TEXbooks (née TEXbook) was created in 1995 by me (Emery Berger, now a professor at the University of Massachusetts, then a Ph.D. student at UT-Austin). There was no web-based book exchange at UT, so I wrote one. The goal was to take full advantage of the Web to make it easy to buy and sell used textbooks (thus avoiding getting ripped off by the campus bookstore). TEXbooks was the first book service anywhere to provide e-mail notification when a book you want arrives. It also features a very carefully-designed user-friendly interface.
At the time, the Texas Union Business Interests (née "Finance") Committee was operating a paper-based book exchange service. I approached them and they decided to adopt TEXbooks instead, making it the only official UT textbook exchange.

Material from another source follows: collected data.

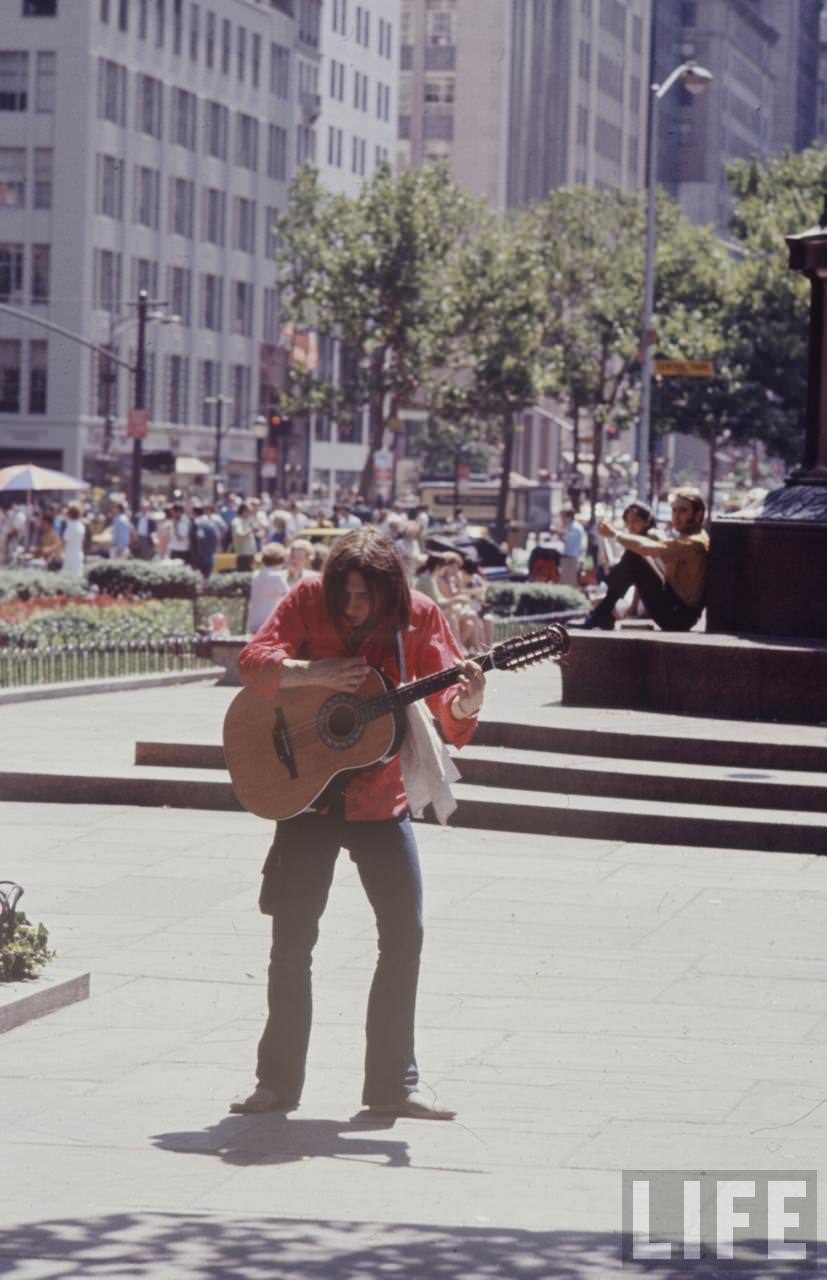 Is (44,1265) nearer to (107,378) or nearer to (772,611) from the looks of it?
(772,611)

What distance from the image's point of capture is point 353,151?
117 m

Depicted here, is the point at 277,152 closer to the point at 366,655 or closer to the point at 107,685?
the point at 107,685

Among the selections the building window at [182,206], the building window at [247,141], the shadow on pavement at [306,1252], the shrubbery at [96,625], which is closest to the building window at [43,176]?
the building window at [182,206]

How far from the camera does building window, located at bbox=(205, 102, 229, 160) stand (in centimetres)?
9162

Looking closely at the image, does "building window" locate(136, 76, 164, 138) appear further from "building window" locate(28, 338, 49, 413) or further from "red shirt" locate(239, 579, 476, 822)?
"red shirt" locate(239, 579, 476, 822)

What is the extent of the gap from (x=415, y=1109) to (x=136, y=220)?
80.1 meters

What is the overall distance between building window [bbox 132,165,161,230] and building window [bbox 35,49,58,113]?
4.33 m

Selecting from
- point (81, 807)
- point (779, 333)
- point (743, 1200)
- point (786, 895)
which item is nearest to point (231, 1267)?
point (743, 1200)

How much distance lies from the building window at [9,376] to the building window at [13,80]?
7.12 metres

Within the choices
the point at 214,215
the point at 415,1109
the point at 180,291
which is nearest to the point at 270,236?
the point at 214,215

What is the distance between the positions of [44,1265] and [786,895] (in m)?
6.47

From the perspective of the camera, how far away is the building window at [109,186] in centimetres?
8275

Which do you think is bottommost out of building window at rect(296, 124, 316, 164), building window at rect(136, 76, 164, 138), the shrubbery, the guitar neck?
the shrubbery

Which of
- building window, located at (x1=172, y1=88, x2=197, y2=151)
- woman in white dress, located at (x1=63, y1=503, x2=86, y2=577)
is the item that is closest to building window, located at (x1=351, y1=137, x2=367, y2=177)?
building window, located at (x1=172, y1=88, x2=197, y2=151) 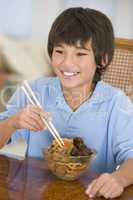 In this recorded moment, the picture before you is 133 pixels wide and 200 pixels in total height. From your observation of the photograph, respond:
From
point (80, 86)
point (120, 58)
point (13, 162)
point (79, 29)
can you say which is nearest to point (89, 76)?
point (80, 86)

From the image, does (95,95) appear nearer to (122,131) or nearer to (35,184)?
(122,131)

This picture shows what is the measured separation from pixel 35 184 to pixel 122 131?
0.35 m

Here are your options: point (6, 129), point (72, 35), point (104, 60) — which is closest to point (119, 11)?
point (104, 60)

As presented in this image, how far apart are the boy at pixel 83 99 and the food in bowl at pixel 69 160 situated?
13 centimetres

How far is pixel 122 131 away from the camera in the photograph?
1.21m

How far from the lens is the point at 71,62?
1178mm

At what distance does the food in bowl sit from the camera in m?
0.98

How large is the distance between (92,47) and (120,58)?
2.26ft

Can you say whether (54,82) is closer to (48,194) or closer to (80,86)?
(80,86)

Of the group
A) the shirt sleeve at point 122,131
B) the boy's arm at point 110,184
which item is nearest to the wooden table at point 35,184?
the boy's arm at point 110,184

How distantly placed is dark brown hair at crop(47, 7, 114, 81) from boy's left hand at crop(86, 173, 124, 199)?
16.1 inches

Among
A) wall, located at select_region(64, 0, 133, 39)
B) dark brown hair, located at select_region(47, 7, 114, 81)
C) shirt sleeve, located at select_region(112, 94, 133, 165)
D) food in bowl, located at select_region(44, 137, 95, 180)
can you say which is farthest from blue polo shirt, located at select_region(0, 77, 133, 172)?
wall, located at select_region(64, 0, 133, 39)

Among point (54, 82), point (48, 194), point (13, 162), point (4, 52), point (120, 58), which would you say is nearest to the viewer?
point (48, 194)

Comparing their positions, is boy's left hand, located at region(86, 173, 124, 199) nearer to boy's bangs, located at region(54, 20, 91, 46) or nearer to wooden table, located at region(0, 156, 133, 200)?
wooden table, located at region(0, 156, 133, 200) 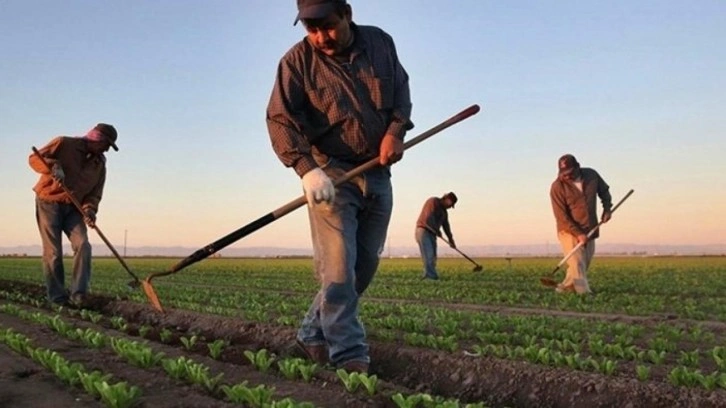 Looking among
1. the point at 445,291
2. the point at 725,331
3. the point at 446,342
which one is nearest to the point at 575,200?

At its peak, TEXbooks has had over 2,000 books posted for sale, making it not only the first (and only official) UT book exchange site but also the largest. At the beginning of the fall and spring semesters, it receives hundreds of hits per day; since April 25, 1998 alone, it has received almost 90,000 hits. The traffic on TEXbooks grows by leaps and bounds every semester; its listings on UT Web Central and Yahoo!, along with Texas Union advertising and some Daily Texan coverage, have helped build awareness and use of the site. TEXbooks now has a new address, TEXbooks.com, which should make it even easier for people to find.
In case you're curious, TEXbooks is written in Perl. Like Winston Churchill said about democracy, it's the worst scripting language, except for all the others that have been tried. (Although if I were to do it over again, I'd probably use Python instead...)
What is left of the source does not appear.